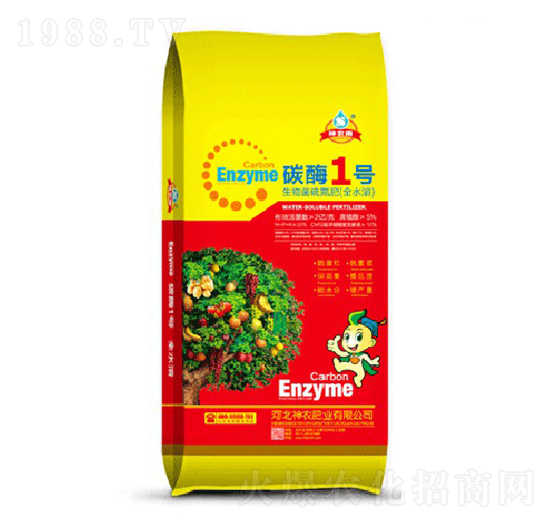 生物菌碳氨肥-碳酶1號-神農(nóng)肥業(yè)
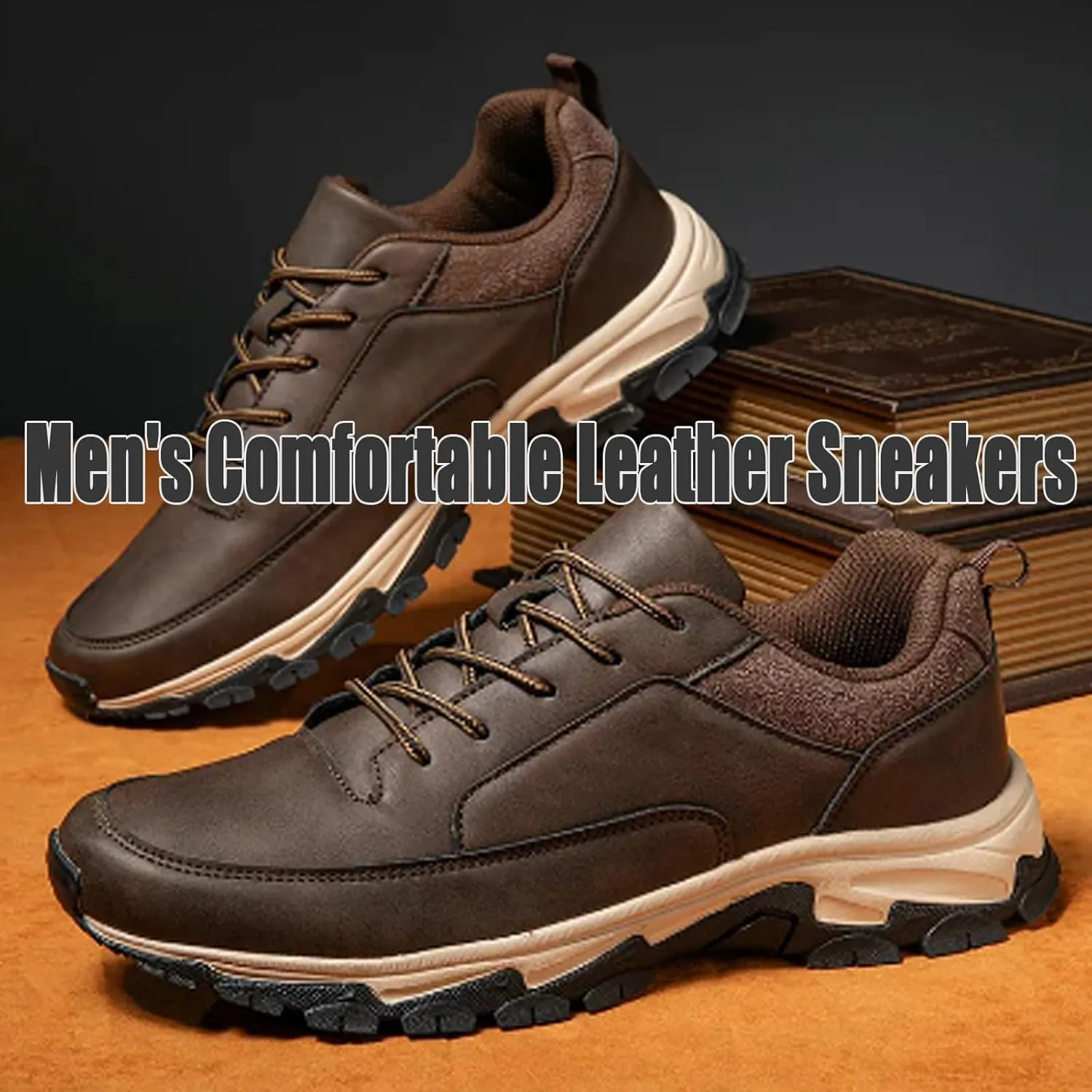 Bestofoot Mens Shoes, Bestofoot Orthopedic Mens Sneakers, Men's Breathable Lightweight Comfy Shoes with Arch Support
● ● ● ● ●
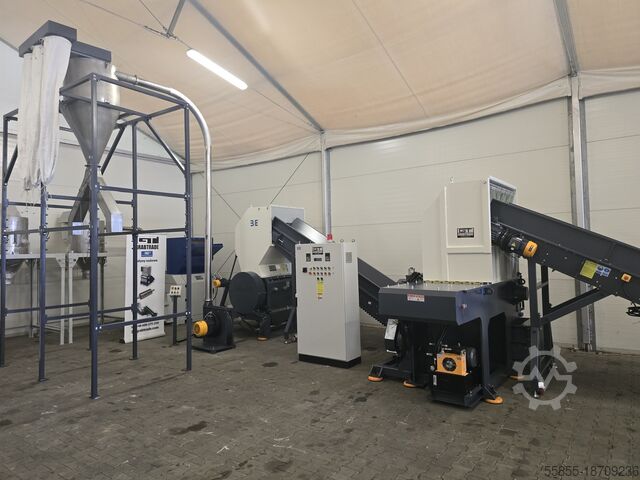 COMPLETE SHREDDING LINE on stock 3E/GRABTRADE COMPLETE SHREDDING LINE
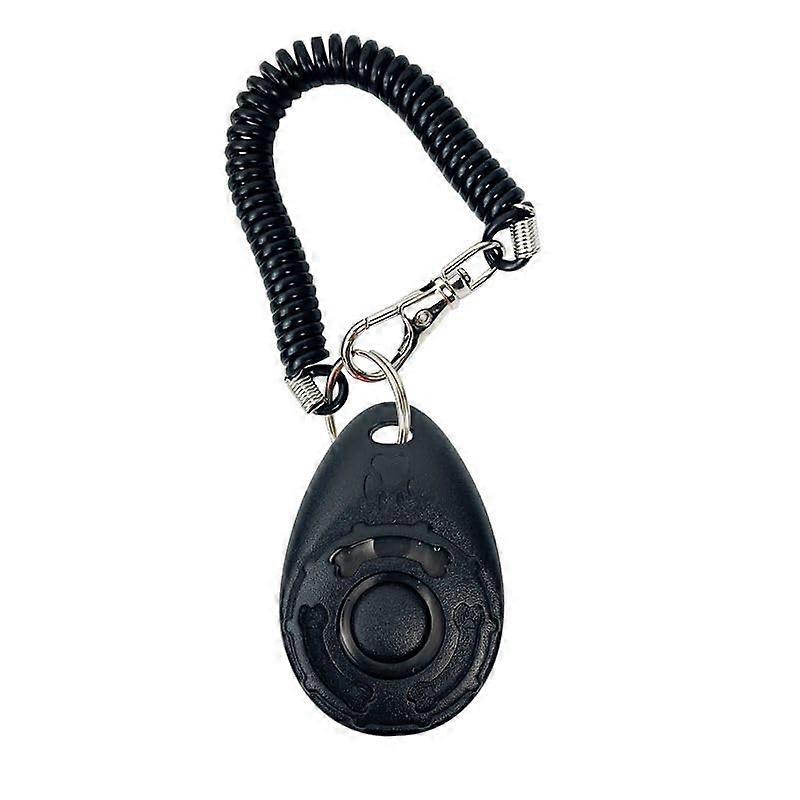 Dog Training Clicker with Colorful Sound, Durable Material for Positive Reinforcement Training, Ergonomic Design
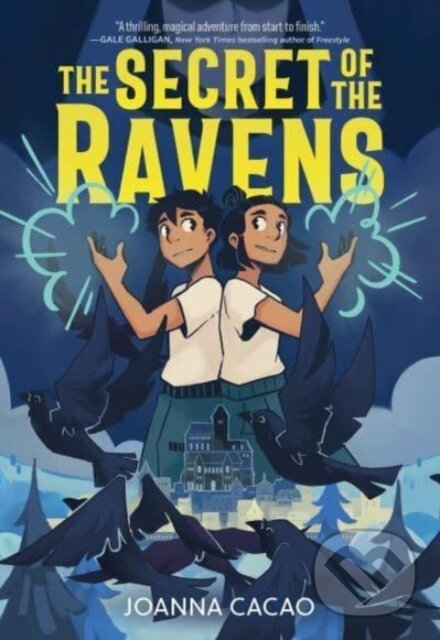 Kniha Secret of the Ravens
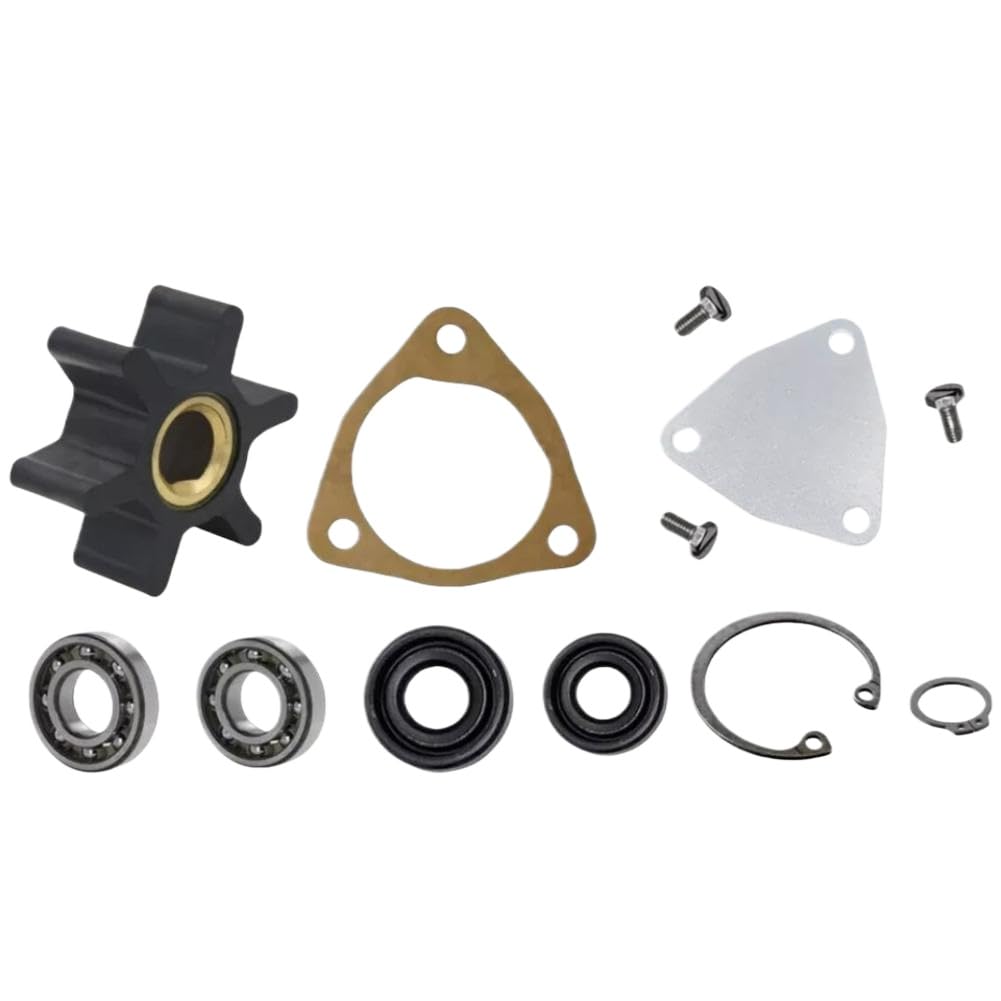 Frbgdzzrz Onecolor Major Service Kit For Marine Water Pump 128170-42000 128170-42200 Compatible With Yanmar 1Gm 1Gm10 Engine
● ● ● ● ●
With the pictures removed, print only the lines starting at the line that has "Dog Training Clicker" and ending at the line that has "Frbgdzzrz Onecolor Major", both ends included, exactly as they stand above.

Exercise answer
 Dog Training Clicker with Colorful Sound, Durable Material for Positive Reinforcement Training, Ergonomic Design
 Kniha Secret of the Ravens
 Frbgdzzrz Onecolor Major Service Kit For Marine Water Pump 128170-42000 128170-42200 Compatible With Yanmar 1Gm 1Gm10 Engine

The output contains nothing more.